Problem details
Below are entries. Give back exactly the lines from the one containing "Divertimento Study Score Book" through the one containing "Elstead KL-LYNDON8-S-AZ - Candelabro", inclusive, without the pictures.

Data shown: Begin

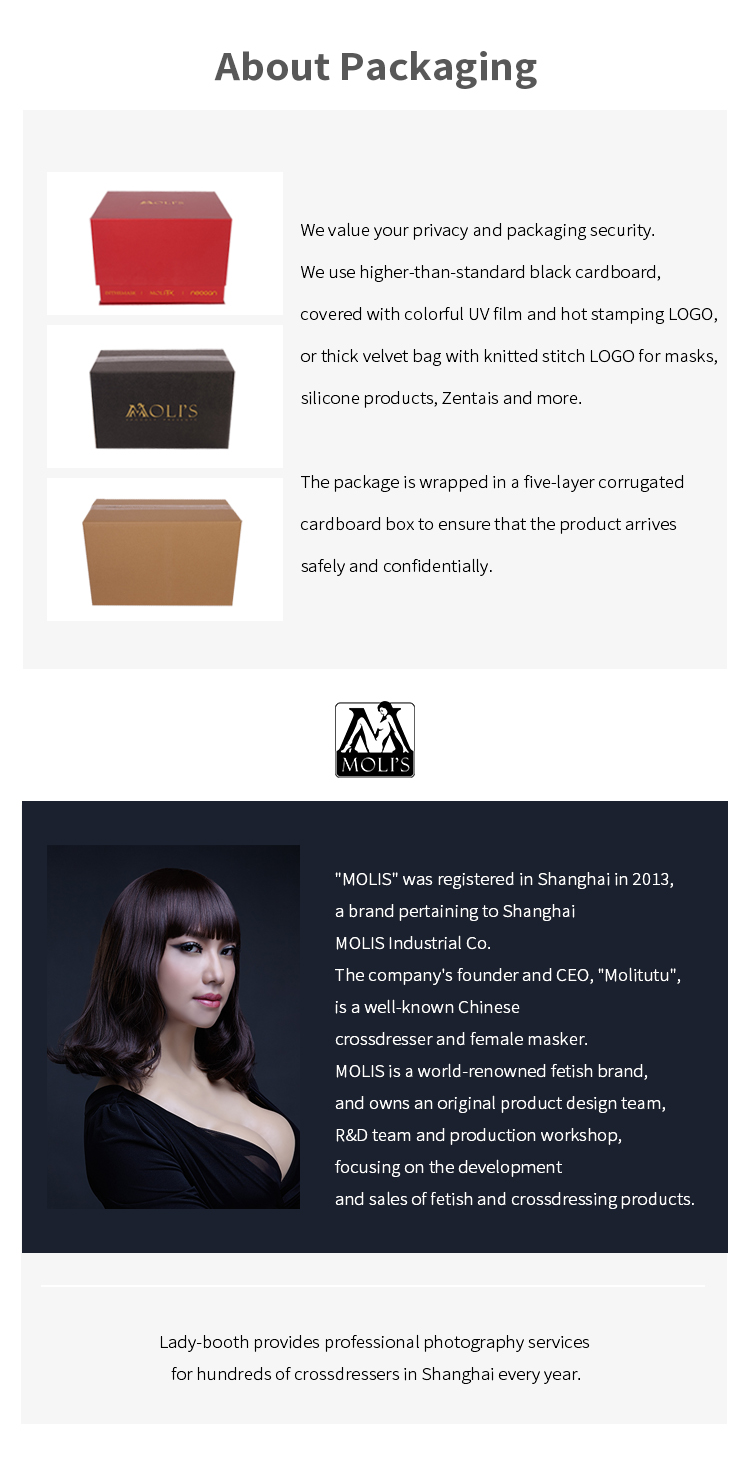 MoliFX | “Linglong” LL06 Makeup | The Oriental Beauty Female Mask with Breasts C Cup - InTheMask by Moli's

Data shown: End
Data shown: Begin

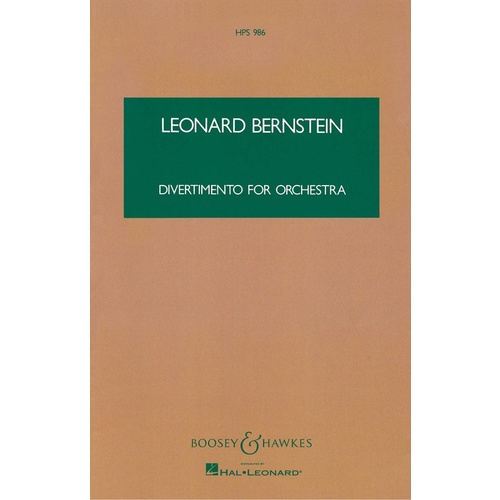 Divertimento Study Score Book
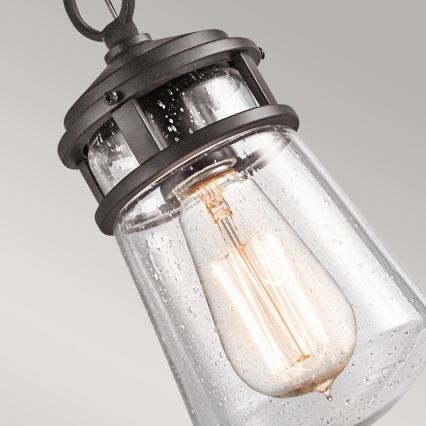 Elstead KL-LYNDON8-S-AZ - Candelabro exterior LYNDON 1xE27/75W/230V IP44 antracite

Data shown: End

Output
 Divertimento Study Score Book
 Elstead KL-LYNDON8-S-AZ - Candelabro exterior LYNDON 1xE27/75W/230V IP44 antracite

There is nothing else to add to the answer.